● Exercise prompt
Once the pictures are removed, restate the data below word for word.

● Crawled caption data
•••••
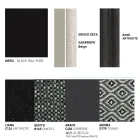 Venkovní pohovka s polštáři v ceně Made in Italy - Emmacross by Varaschin Viadurini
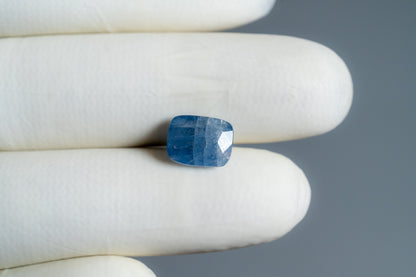 Natural Blue Sapphire (Neelam) 5.37 Carats
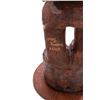 Image 8 : EPIC ALMOST 7-FOOT TALL "LONO: GOD OF AGRICULTURE" FIGURAL CARVING by LEROY SCHMALTZ.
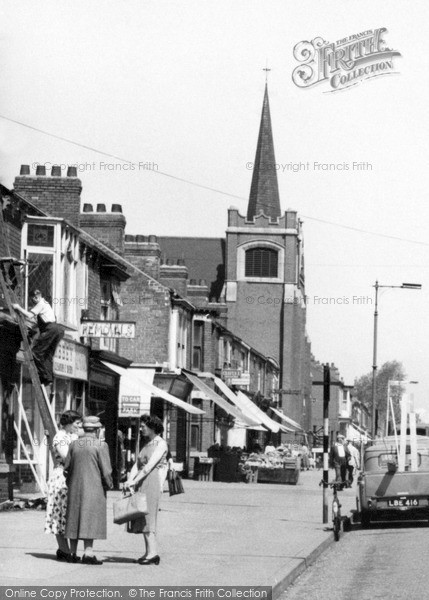 Photo of Scunthorpe, Frodingham Road c.1960
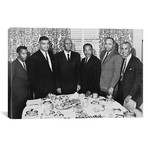 Civil Rights Leaders, 1963 // Unknown (18"W x 12"H x 0.75"D)
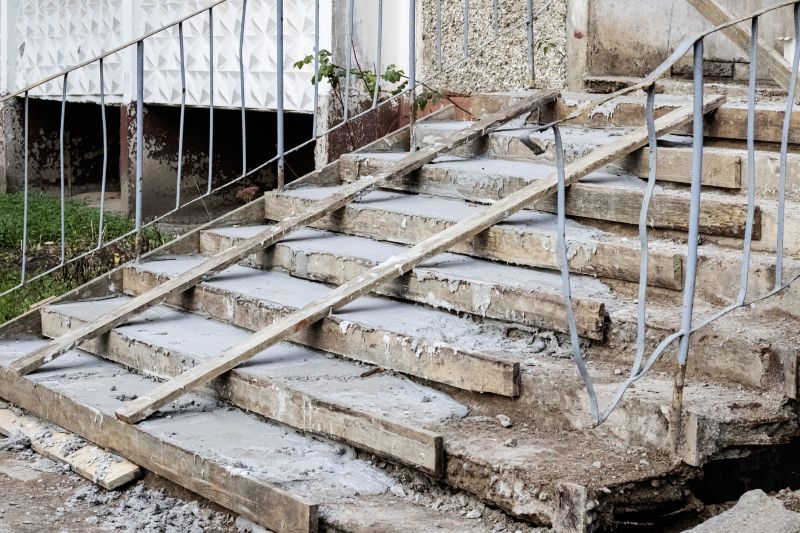 Concrete Stairs Repair in Corpus Christi, TX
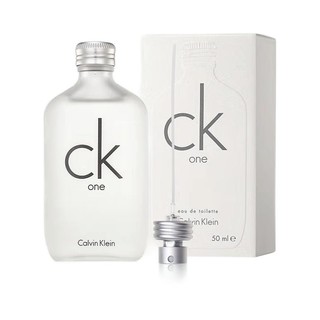 卡尔文·克莱 Calvin Klein CK ONE系列 卡雷优中性淡香水 EDT 50ml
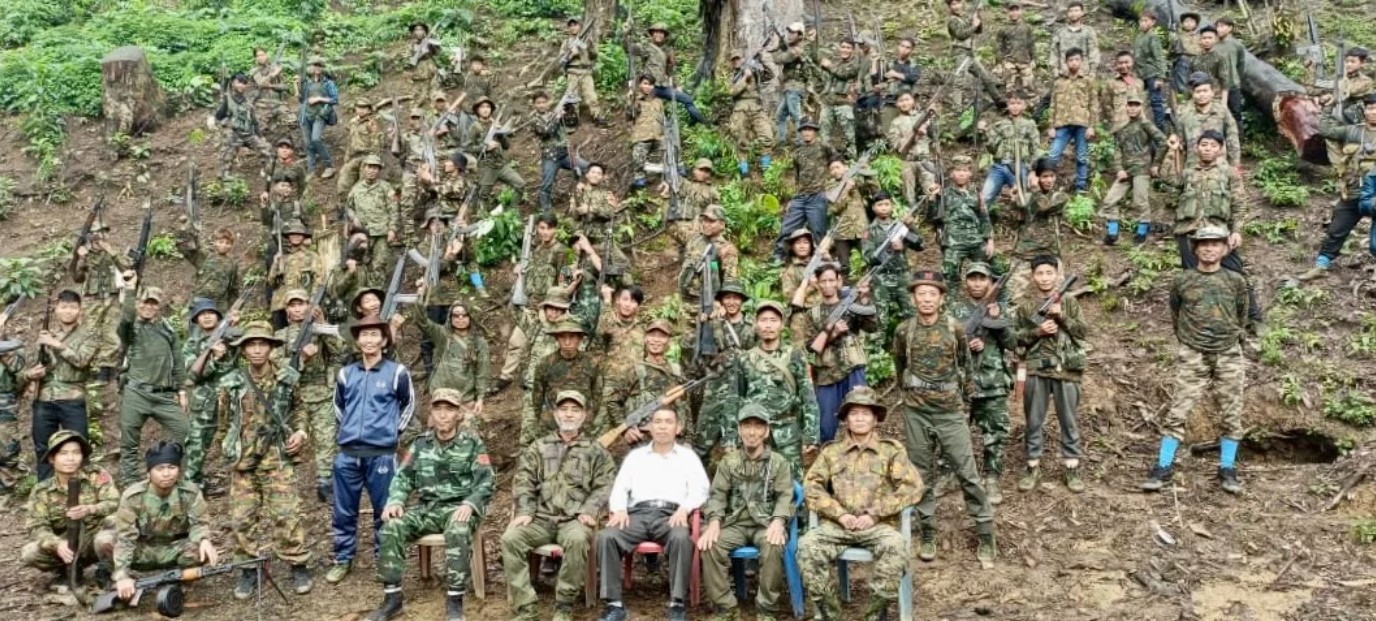 မြန်မာက NSCN-K အုပ်စုကွဲများအကြားက ငြိမ်းချမ်းရေး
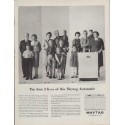 1962 Maytag Ad "The first 3 lives"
•••••
● Output for this exercise
 Venkovní pohovka s polštáři v ceně Made in Italy - Emmacross by Varaschin Viadurini
 Natural Blue Sapphire (Neelam) 5.37 Carats
 Image 8 : EPIC ALMOST 7-FOOT TALL "LONO: GOD OF AGRICULTURE" FIGURAL CARVING by LEROY SCHMALTZ.
 Photo of Scunthorpe, Frodingham Road c.1960
 Civil Rights Leaders, 1963 // Unknown (18"W x 12"H x 0.75"D)
 Concrete Stairs Repair in Corpus Christi, TX
 卡尔文·克莱 Calvin Klein CK ONE系列 卡雷优中性淡香水 EDT 50ml
 မြန်မာက NSCN-K အုပ်စုကွဲများအကြားက ငြိမ်းချမ်းရေး
 1962 Maytag Ad "The first 3 lives"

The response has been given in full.